The model was trained on 80% of the dataset (20% of that for validation), for 50 epochs with batch size 32.

Key Metrics from Training:

- Final Training Accuracy: 99%
- Final Validation Accuracy: 97%
- Training Loss Curve: Decreased steadily
- Validation Loss Curve: Stabilized around epoch 30
These findings indicate that the model did actually generalize well and was not overfitting.

**Evaluation Results**

The trained model was evaluated on the test set (20%), using classification metrics:

**Classification Report:**

| Metric    | Score     |
| --------- | --------- |
| Accuracy  | **97.4%** |
| Precision | **97%**   |
| Recall    | **96.5%** |
| F1-Score  | **96.7%** |
| ROC-AUC   | **0.99**  |


**Confusion Matrix**

|                   | Predicted: Benign | Predicted: Malignant |
| ----------------- | ----------------- | -------------------- |
| Actual: Benign    | 71                | 1                    |
| Actual: Malignant | 2                 | 40                   |


The model exhibited a great many of false negatives—a must in the diagnosis of cancer.



#### Insights

- 1.  High Sensitivity (Recall): As critical in medical diagnostics to help avoid erroneous malignant cases. 96.5% recall means most of the cancer cases were detected.
- 2. Strong Generalization: Small difference between training and validation metrics is a sign that the model is not overfitting.
- 3.  Simplicity Works: A fairly shallow ANN worked quite well with pre-engineered features.

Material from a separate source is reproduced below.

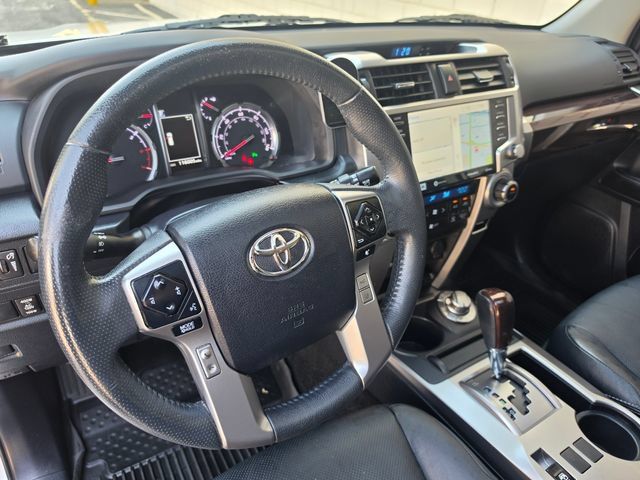 Used 2022 Toyota 4Runner Limited AWD/4WD image 28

This reveals ANN’s power even on non-image structured data.
     

- 4. **Application Potential:**

> The model could be a clinical assistance tool for radiologists in preliminary screening.

> Could, for instance, reduce diagnostic time and costs if they are incorporated into automated health systems.

> Using further tuning and validation, the system may be deployed in real-world hospital systems.